C’était par une belle soirée d’été. Un vieil ami, Simek, avait traversé le Parc avec sa blonde pour nous rendre visite.
On s’était fait un feu de joie et là, l’univers de Facebook est venu dans la discussion. On parlait de ces amis que l’on garde pour le fun. Vous savez, ceux-là qui nous rappellent une époque de notre vie mais dont on ne se soucie pas vraiment.
Tout comme moi, vous en avez certainement, et probablement que vous êtes l’un deux pour quelqu’un.

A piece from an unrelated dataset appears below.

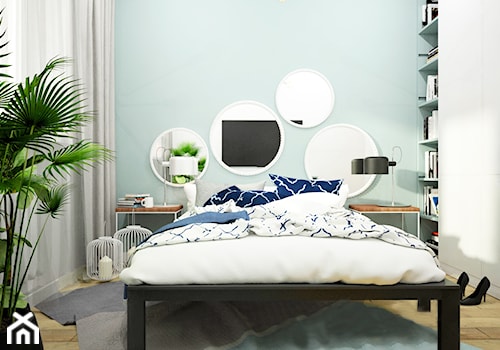 Remont mieszkania pod inwestycję - Średnia biała niebieska sypialnia, styl skandynawski - zdjęcie od Wnętrza od NOWA
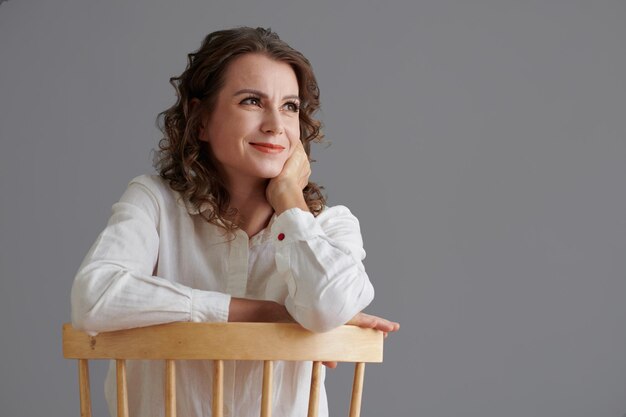 Portrait of Dreamy Mature Woman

Mon ami Facebook qui répondait à ce critère était un gars que je côtoyais régulièrement alors que je travaillais à la bibliothèque. Pas un mauvais bougre, mais à partir d’un certain moment, n’étant pas psychologue, j’en avais ras le pompon d’entendre ses drames du quotidien. C’eut été un vieil ami que je me serais fait un plaisir de l’écouter jusqu’à l’écœurement, mais là…
Le gars apparaissait souvent dans mon fil d’actualités et régulièrement, depuis cet été, tel un running gag, je copiais-collais ses statuts les plus insolites pour les envoyer par courriel à Simek. Pour sa part, Simek s’amusait parfois à retracer les épisodes de Star Trek que le gars publiait sur Trek Québec pour me les filer lui aussi par courriel. Rien de bien méchant. En réalité, on était plus obnubilés par tant de candeur dans un seul homme.
Et puis hop. Alors que je finissais de corriger le texte à propos d’Une heure avant, une pièce de théâtre ayant pour thème principal les aidants naturels, j’apprenais par un ancien collègue de la bibliothèque que le gars en question était formellement accusé du meurtre de son père, dont il s’occupait depuis de nombreuses années.
L’ironie de la vie.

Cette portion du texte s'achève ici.